Nell’assenza comunque di uno scheletro, dei resti di un corpo reale riferibile a Giulietta – c’è anche chi propone di svolgere una indagine a tappeto presso le fosse comuni dei francescani, impresa ovviamente improba e impraticabile – la sfortunata erede della famiglia dei Capuleti continua a inquietare i sonni di quei luoghi che la videro protagonista, nella realtà e soprattutto nella finzione shakespeariana. 
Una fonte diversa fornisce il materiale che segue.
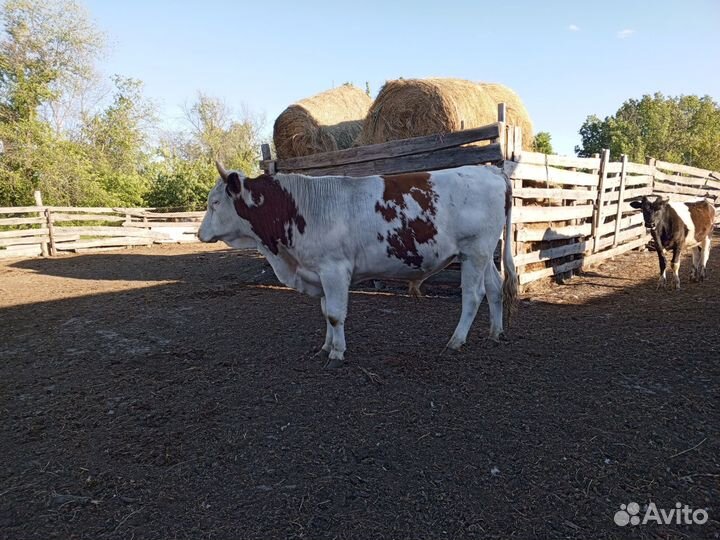 Бык на племя Симентвл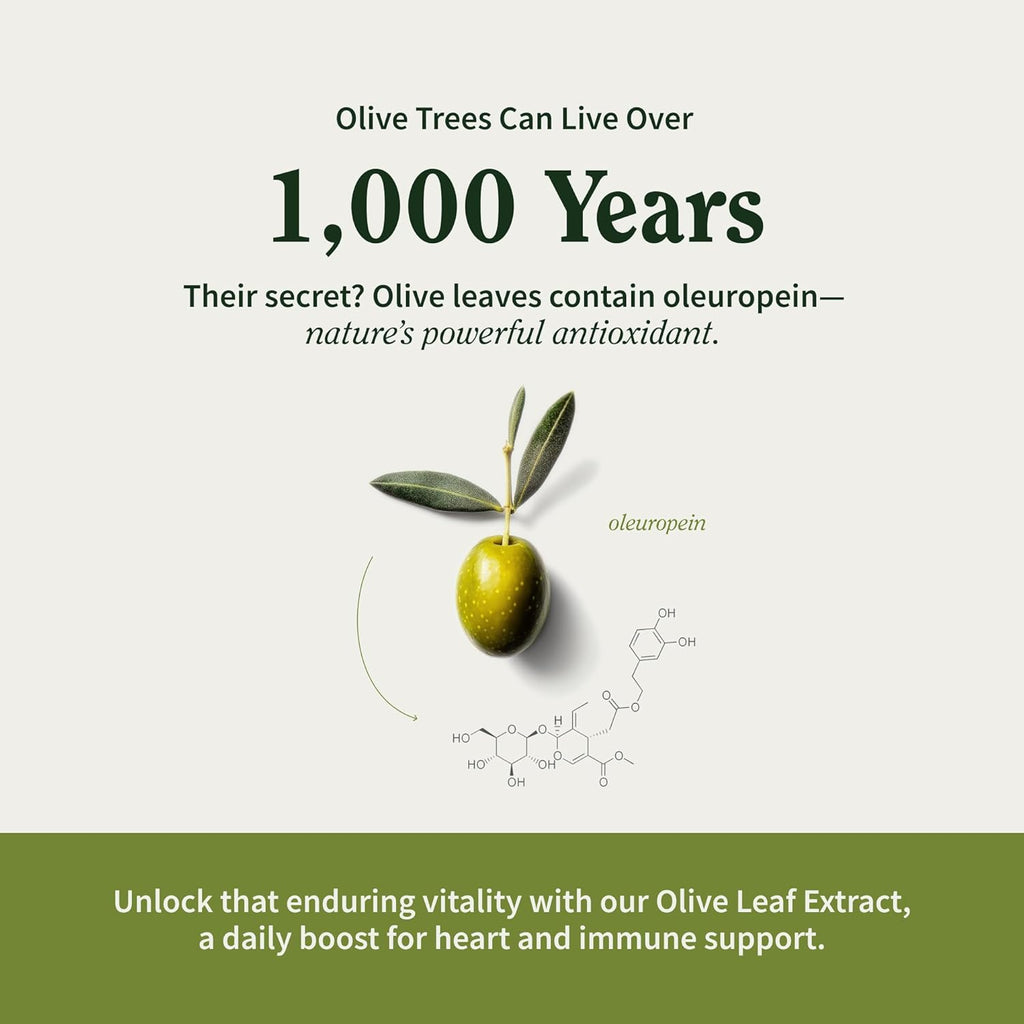 Snap Supplements Olive Leaf Extract Capsules - Super Strength 40% Oleuropein for Blood Flow Support, Improve Digestion, Antioxidant Boost Supplement, Improve Brain Function (60 Capsules)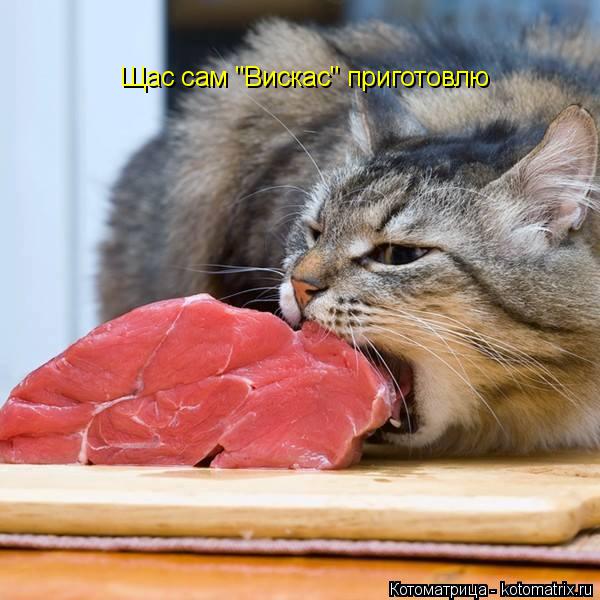 Щас сам "Вискас" приготовлю... Котоматрица: Щас сам "Вискас" приготовлю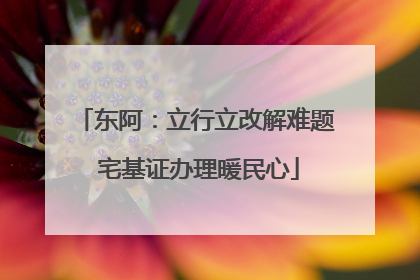 东阿：立行立改解难题 宅基证办理暖民心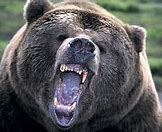 Image result for Angry Mama Bear Meme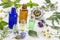 Medicinal plant and flower selection , peppermint, passiflora,, sage, thyme, lavender lemon balm with an aromatherapy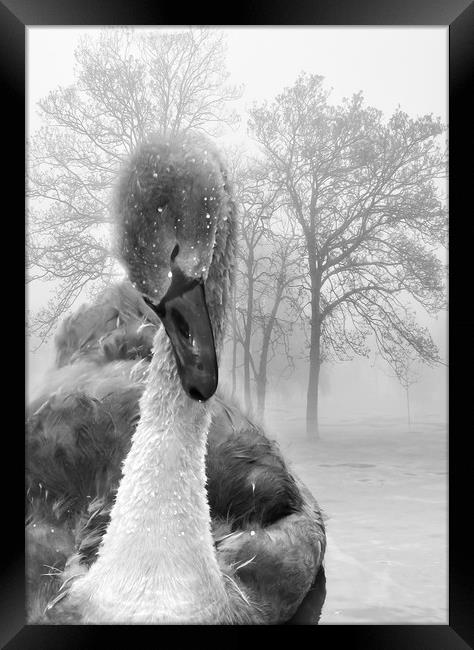  Baby Swan Framed Print by Svetlana Sewell
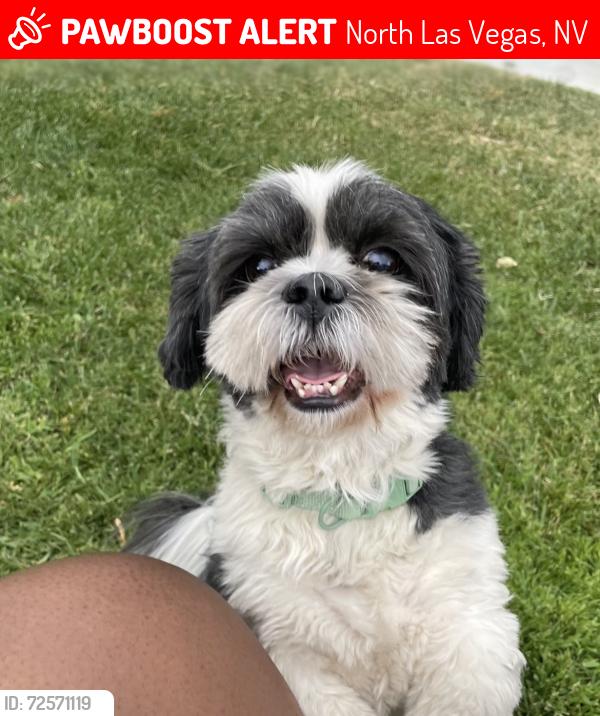 North Las Vegas, NV Lost Male Dog, Onyx Is Missing | PawBoost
A parte fenomeni folkloristici, come quello di un mago che qualche anno fa pretese di far riapparire dal nulla Giulietta in carne e ossa, nel cortile del Castello di Montecchio Maggiore e il fantasma della giovane Capuleti fa di tanto in tanto capolino nelle cronache locali veronesi.  Ancora più radicata è invece la tradizione legata al fantasma di Luigi da Porto, che a quanto pare scrisse la sua novella, fonte diretta per la ispirazione di Shakespeare, nella quiete della sua dimora di campagna a Montorso Vicentino, nella valle del Chiampo.  Dove sorgeva la casa colonica oggi esiste una villa palladiana, e della casa dei fattori, dalla quale lo scrittore ammirava i due castelli di Montecchio Maggiore (che gli ispirarono la faida tra le due famiglie), restano soltanto pochi resti.  Ciò nonostante qui pare aggirarsi il fantasma di da Porto,  con gli abiti d’epoca e i terribili segni di quella ferita di guerra che aveva sul volto: c’è chi giura di averlo visto sostare, nelle notti d’estate, ai piedi della salita, in quell’angolo che sembra fosse il suo favorito,  e sospirare ancora per la verginea bellezza della sua Giulietta e per il suo infelice destino.